The Feb. 11 discussion by Garza and Cullors precedes a screening of the Oscar-nominated film “I Am Not Your Negro,” a documentary based on 30 pages of a book that writer James Baldwin had completed when he died in 1987. The book was about Medgar Evers, Malcolm X and Martin Luther King Jr., all of whom were friends of Baldwin who were victims of assassination.
Cullors also appears Feb. 12 for the screening of “13th,” a film about the prison system and how it promotes racial inequality in the United States. The event is at 7 p.m. and is free.
Women are the focus of several feature films
Festival films focusing on the experience of African-American women are:
“Miss Sharon Jones!” (1 and 7:30 p.m. Sunday) details the life of the soul-singer who was told she was “too short, too fat, too black and too old” but prevailed to cause a sensation as high-voltage frontwoman of the Dap Kings, earning a Grammy nomination. The film chronicles Jones’ battle with pancreatic cancer.
“Daughters of the Dust,” (1 and 7:30 p.m. on Feb. 10) is an acclaimed drama about the Gullah people, the descendants of slaves who inhabit the Sea Island off South Carolina. The film was called “one of the most distinctive, original independent films of the time” by the The New Yorker.

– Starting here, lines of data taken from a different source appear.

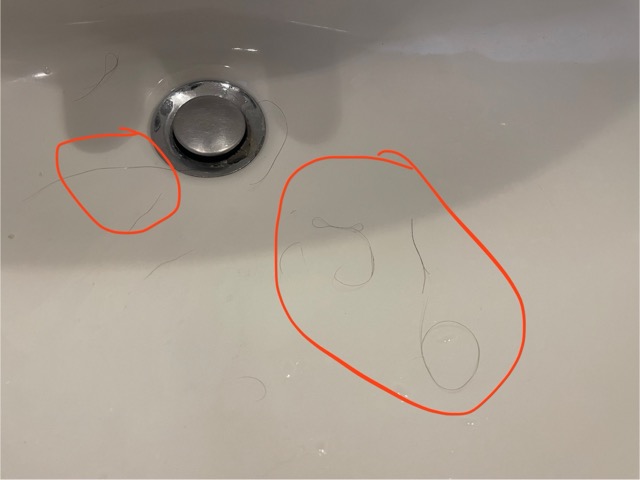 Beweisfoto: Kein Haarausfall mehr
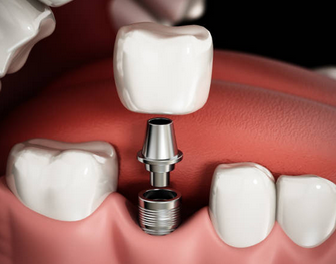 임플란트 시술과정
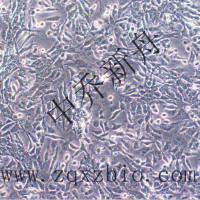 NCI-H446 [H446]人小细胞肺癌细胞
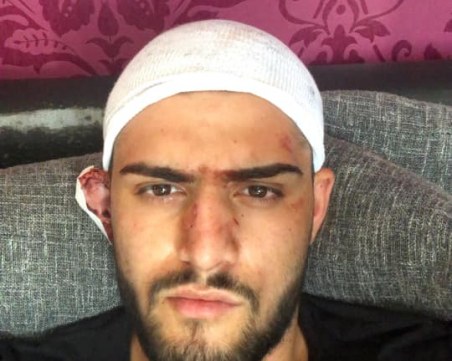 Чужденци нападнаха млад мъж в столицата, ударили го с бутилка в главата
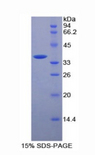 MCAM / CD146 Protein - Recombinant Melanoma Cell Adhesion Molecule By SDS-PAGE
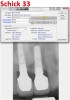 Figure 3. If the Schick CDR sensor is compared to the most recent Schick 33 sensor, dramatic differences can be seen in resolution and image file size. Both images were taken at the default settings and were not manipulated. The actual size of the images was taken from the image descriptions in the software; the Schick CDR sensor image is under 400 kilobytes, whereas the newer Schick 33 sensor image is over 4 megabytes, which is more than 10 times larger.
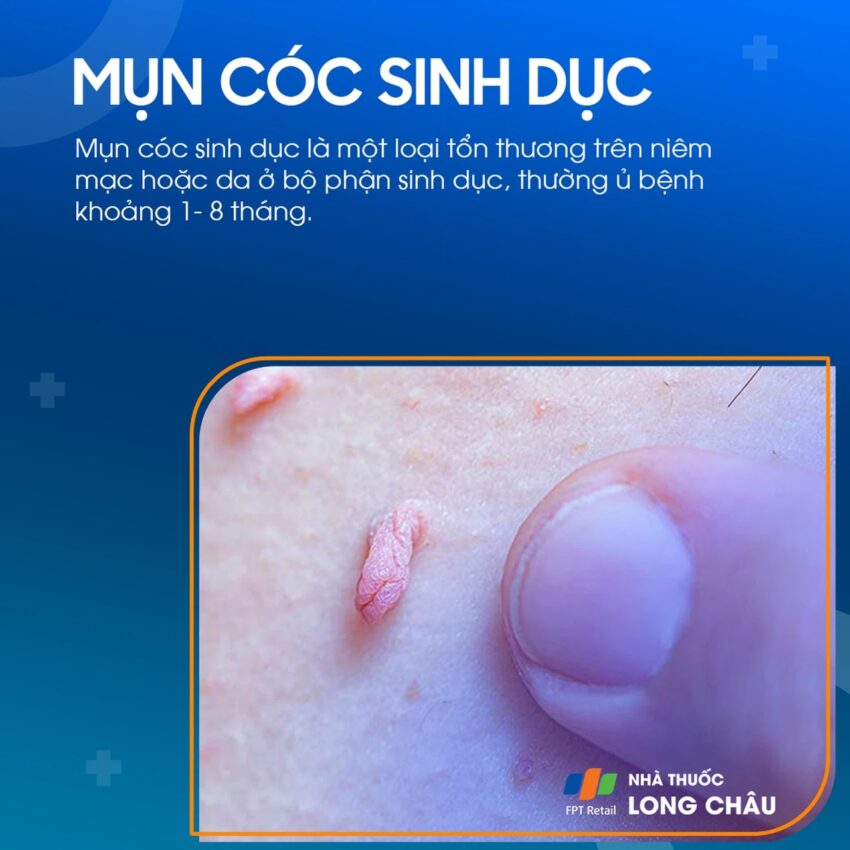 mụn cóc sinh dục ở nam
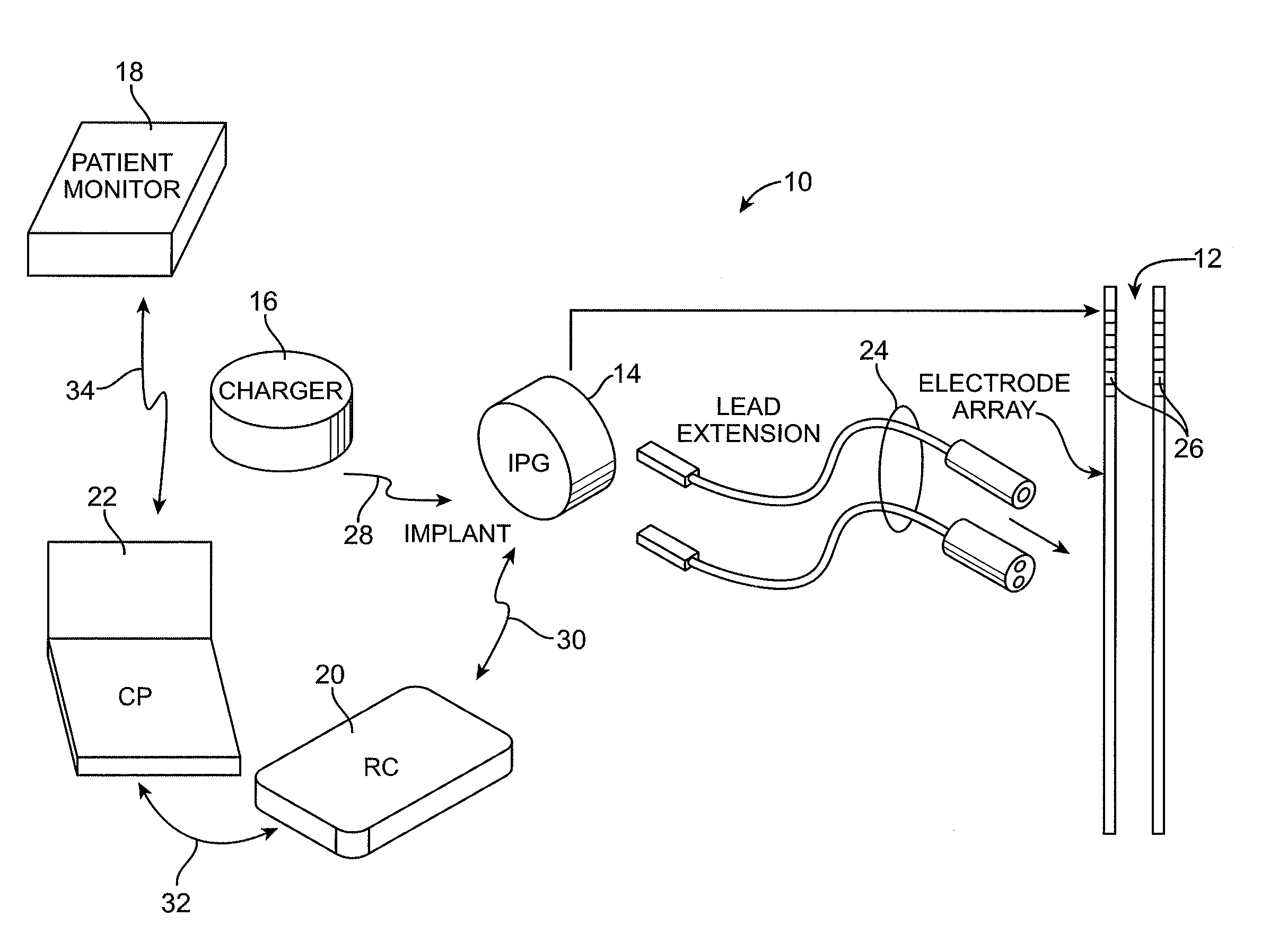 Automated fitting system for deep brain stimulation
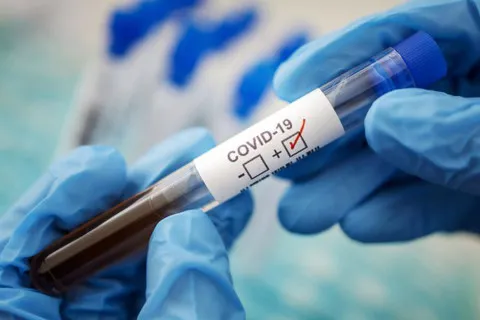 У США заявили про приховування правди щодо COVID-19: розвідка оприлюднила резонансні матеріали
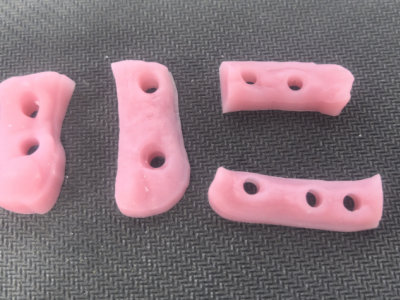 3D打印牙龈图1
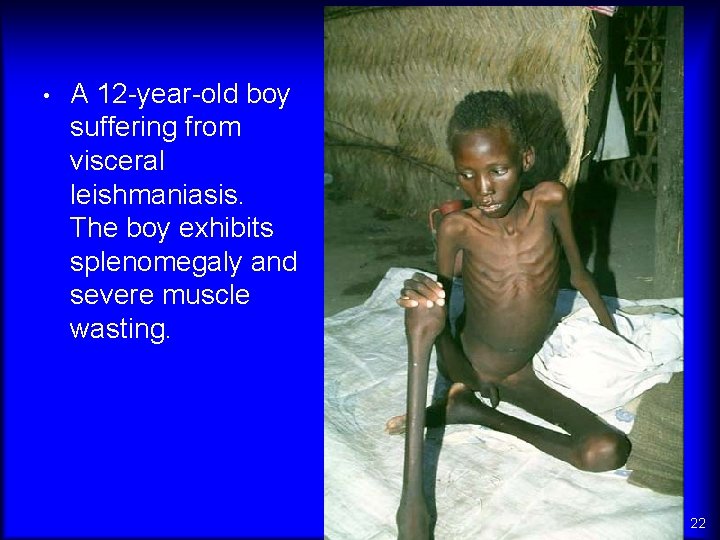  • A 12 -year-old boy suffering from visceral leishmaniasis. The boy exhibits splenomegaly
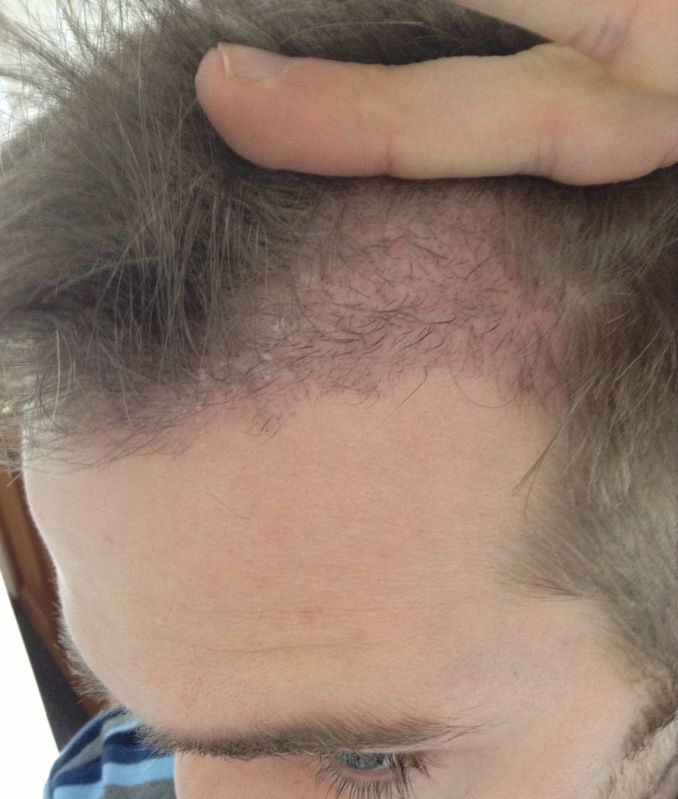 hdc hair transplant.jpg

“Loving,” (1 and 7:30 p.m. Tuesday and Wednesday) tells the story of Richard and Mildred Loving, the couple whose marriage and subsequent arrest resulted in the Supreme Court ruling overturning state bans on interracial marriage. Ruth Negga has been nominated for an Academy Award for her portrayal of Mildred Loving in this intimate story of romance amid turmoil.
Closing-night film “Harriet’s Return: Based on the Legendary Life of Harriet Tubman” (7:30 p.m. Feb. 17) is a film version of Karen Jones Meadows’ one-woman play about the famous conductor of the Underground Railroad.
Correction: The film “Daughters of the Dust” will be screened at 1 and 7:30 p.m. on Feb. 10, a Friday. A previous version of the story said it would be on Thursday.